For a senior to go to a 3-D movie it costs $11.50, rather than $7 to see a regular flick. As Happy Feet without the 3-D was only playing at 10:40 AM, that sort of decided for me which one I would see.

Technology has really come a long way, and I must say the 3-D effects were really well done. First a notice came on the screen right after the Please Silence Your Phones. It said to put on your glasses. These were handed out as we entered the actual theater.

Now all the coming attractions were in 3-D. The movies were mostly cartoons, many with a pirate theme. I ducked a couple of times as swords were thrown toward the audience.

Then the feature presentation: I loved Happy Feet One, and was really looking forward to Happy Feet Two. It really wasn’t as good as the first one. I had been looking forward to hearing the voices of Brad Pitt and Matt Damon as two sea creatures, but they sounded so much alike, I couldn’t tell which one was which.

The story is simple. Mumbles is now grown up. He was the penquin who couldn’t sing, but was a great dancer. Now he is ‘married’ and has a child. Eric, the little child penquin can’t dance, but he has a beautiful singing voice.

There are messages throughout the flick concerning global warming and shifting of the glaciers in the AntArtic. This has a terrible effect on the wildlife in the area, in this case, stranding the penquins from the sea, which is where they get their food.

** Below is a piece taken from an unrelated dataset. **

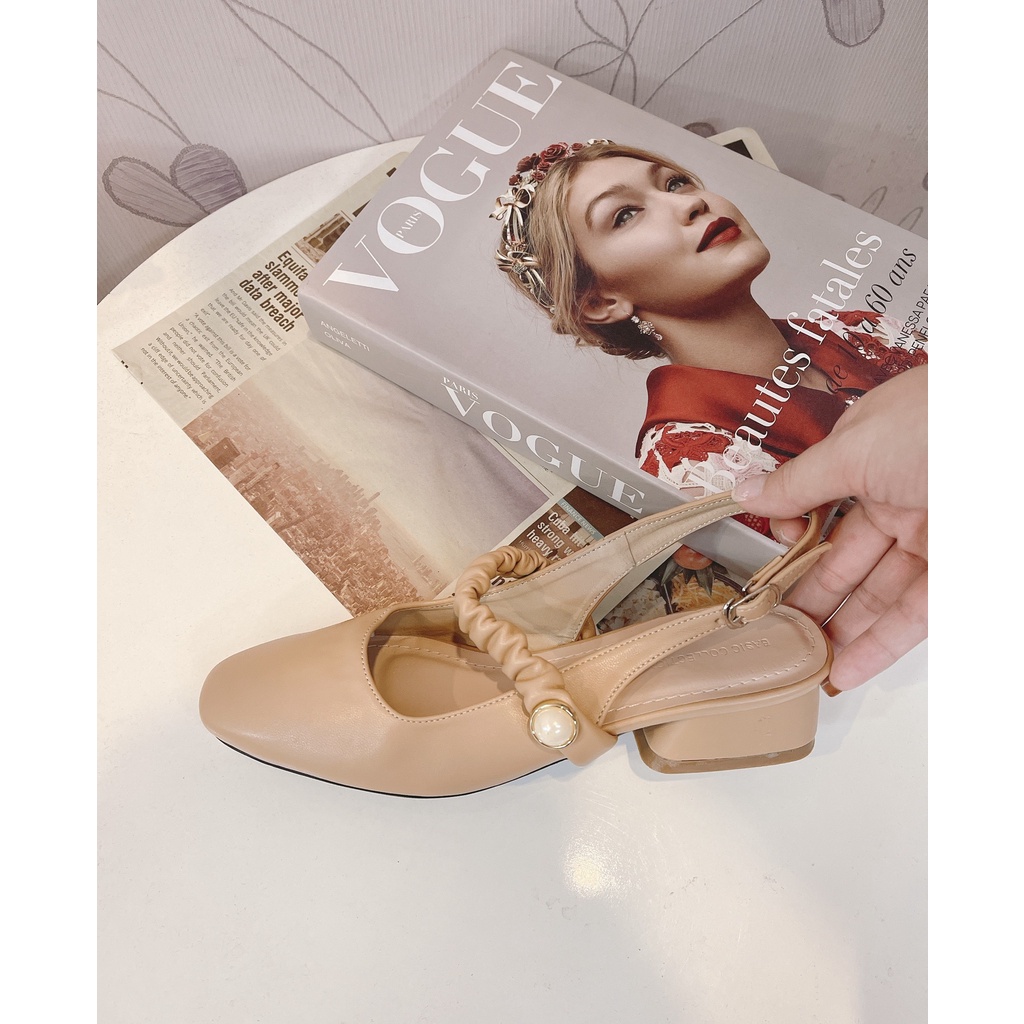 Giày Sandal Nữ- Sandal Slingback Collection Đính NT 3p Êm Chân VNXK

The end result would have been starvation for thousands of penquins if Mumbles and Eric and their friends hadn’t come to the aid of the stranded penquins.

By ‘dancing’ and stomping on the snow, they were able to cause an avalanche which made a hill that the penquins could climb.

I hope I didn’t ruin the ending for you. It is really sweet to see just how they were able to accomplish this feat. The best part was at the end of the movie when bubbles floated out into the audience and popped right in front of your nose.

p.s. The closest I ever came to seeing how animals help each other, was in 1995, when I bought two little kittens. The first night I had them at home, I put them in the kitchen where I thought they would be safe. The next morning when I came to check on them, there was only one kitten.

I searched everywhere and finally heard a little meow from under the sink. It seems that the kitten had crawled between the bottom of the sink and the floor through a little crack in the floorboard. I couldn’t even get my hand in the space.

But the other kitten took both paws, pushed them through the crack and pulled the other kitten out by its head.

This was so amazing to me, the slightly larger kitten, helping his little brother. Needless to say, I duct taped the crack so this wouldn’t happen again. Sort of like locking the barn, after the horse is stolen.